At the end I want to find an expression that equals a result using depth-first search that contains the result I am looking for.

As of now right now I have a working example, but the problem is that it is not efficient and leads to a problem with memory. It only works for up to 6 given numbers at the moment.

The code is as follows:

package com.company;

import com.fathzer.soft.javaluator.DoubleEvaluator;

import java.util.*;

public class PopulateAlg2 {

public static Node populateAlg2(Node node, List<Double> numbers, List<Character> operators){

    for(double number : numbers){

        for (char operator : operators){

            List<Double> _numbers = new ArrayList(numbers);

            Node child = new Node(number, operator);

            node.addChild(child);

            if(!isRootNode(node)){
                double resultWithParent = calculateNumbersAndOperator(child.getParent().getNumber(), child.getNumber(), operator);
                child.setResultWithParent(resultWithParent);
            }

            LinkedHashMap<Double, String> previousResults = node.getPreviousResults();
            LinkedHashMap<Double, String> currentResults = new LinkedHashMap<>(previousResults);

            if(previousResults.size() == 0){
                double newKey = calculateNumbersAndOperator(0, child.getNumber(), child.getOperator());

                // First expression is 0 + num, or num itself
                String newExpression = "" + child.getNumber();

                currentResults.put(newKey, newExpression);
            } else{

                // Count hashmap and don't save previous result to prevent OutOfMemoryError
                int previousResultsCounter = 0;
                int previousResultsHashmapSize = previousResults.entrySet().size();

                for (Map.Entry<Double, String> entry : previousResults.entrySet()) {

                    previousResultsCounter++;

                    if(previousResultsCounter == previousResultsHashmapSize) {
                        Double previousKey = entry.getKey();
                        String previousExpression = entry.getValue();

                        // Create permutations
                        double newKey = calculateNumbersAndOperator(previousKey, child.getNumber(), child.getOperator());
                        String newExpression = "(" + previousExpression + child.getOperator() + child.getNumber() + ")";

                        String newExpression2 = "(" + previousExpression + ")" + child.getOperator()  +  child.getNumber();
                        double newKey2 = eval(newExpression2); // Evaluate new expression

                        // Add new permutations
                        currentResults.put(newKey, newExpression);
                        currentResults.put(newKey2, newExpression2);
                    }
                }
            }

            child.setPreviousResults(currentResults);

            _numbers.remove(number);

            populateAlg2(child, _numbers, operators);
        }
    }

    return node;

}

private static boolean isRootNode(Node node){
    return node.getOperator() == ' ' && node.getNumber() == 0.0;
}

public static double eval(String expression) {
    DoubleEvaluator eval = new DoubleEvaluator();
    Double result = 0.0;

    try {
        result = eval.evaluate(expression);
    } catch (IllegalArgumentException e){
        e.printStackTrace();
    }

    return result;
}

private static double calculateNumbersAndOperator(double num1, double num2, char operator){

    double result = 0;

    if(operator == '+') {
        result = num1 + num2;
    } else if (operator == '-') {
        result = num1 - num2;
    } else if (operator == '*') {
        result = num1 * num2;
    } else if (operator == '/') {
        result = num1 / num2;
    }

    return result;

}

}

This builds a tree with every permutation possible but it contains a lot of duplicates.
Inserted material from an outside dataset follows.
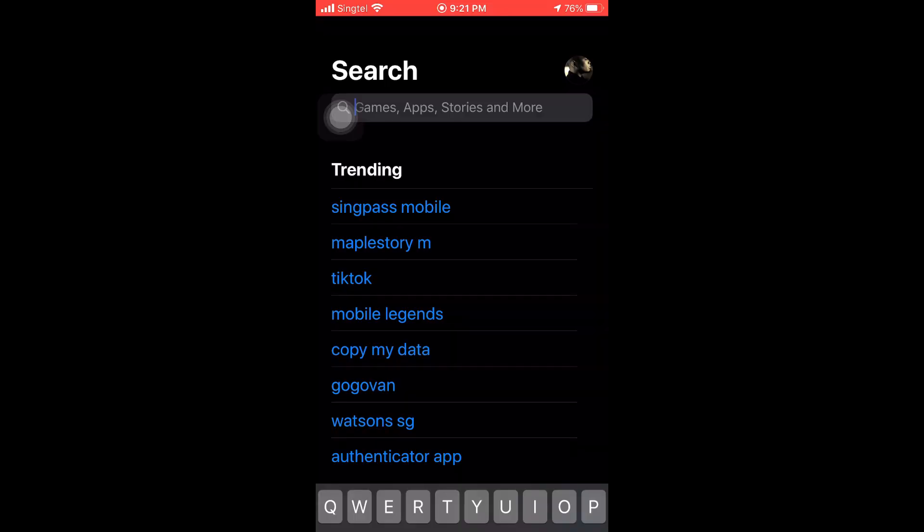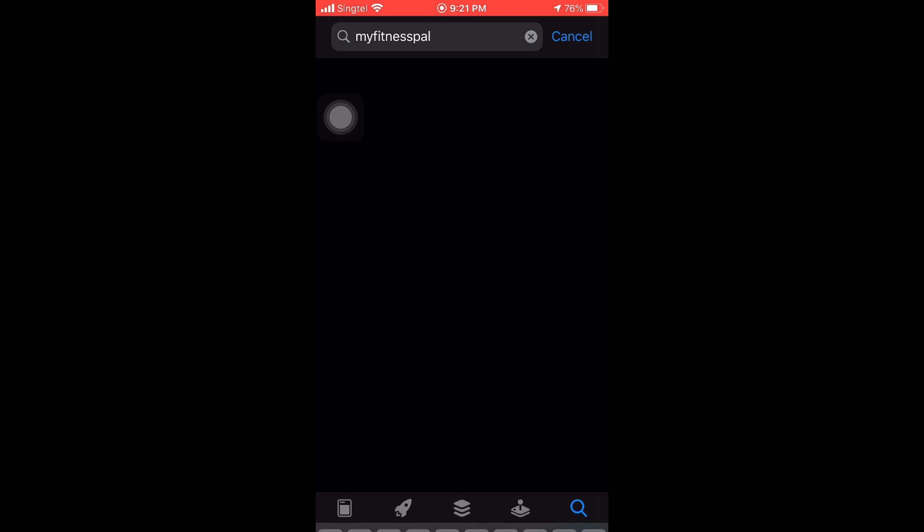Kaya mag-download tayo ng application na ito para matrack natin kung ano ang kinain natin araw-araw — kung sobra ba o kulang. I'm gonna have my iPhone here. Let's start by searching for MyFitnessPal — available on iOS or Android. You'll see their logo: MyFitnessPal by Under Armour.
For example, the nodes under the root node contains every number in combination with an operator, but there are also duplicates like:

1+2+3... 
3+2+1... 
2+1+3...

I'm using the following Node class:

public class Node{
private List<Node> children = new ArrayList<>();
private Node parent = null;
private LinkedHashMap<Double, String> previousResults = new LinkedHashMap<>();

private double number;
private char operator;
private double resultWithParent;

public Node(double number, char operator) {
    this.number = number;
    this.operator = operator;
}

public void addChild(Node child) {
    child.setParent(this);
    this.children.add(child);
}

public boolean isRootNode(){
    return (parent == null);
}

public List<Node> getChildren() {
    return children;
}

public double getNumber() {
    return number;
}

public void setNumber(double number) {
    this.number = number;
}

private void setParent(Node parent) {
    this.parent = parent;
}

public Node getParent() {
    return parent;
}

public char getOperator() {
    return operator;
}

public void setOperator(char operator) {
    this.operator = operator;
}

public double getResultWithParent() {
    return resultWithParent;
}

public void setResultWithParent(double resultWithParent) {
    this.resultWithParent = resultWithParent;
}

public LinkedHashMap<Double, String> getPreviousResults() {
    return previousResults;
}

public void setPreviousResults(LinkedHashMap<Double, String> previousResults) {
    this.previousResults = previousResults;
}
}

After doing depth-first search with a different set of numbers and wanting to find the result of 728, the result is as follows:

(((((75.0)*5.0)-6.0)/25.0)*50.0)-10.0=728.0

So it works but I feel like there is a better way to build the tree in the first place, thank you for reading.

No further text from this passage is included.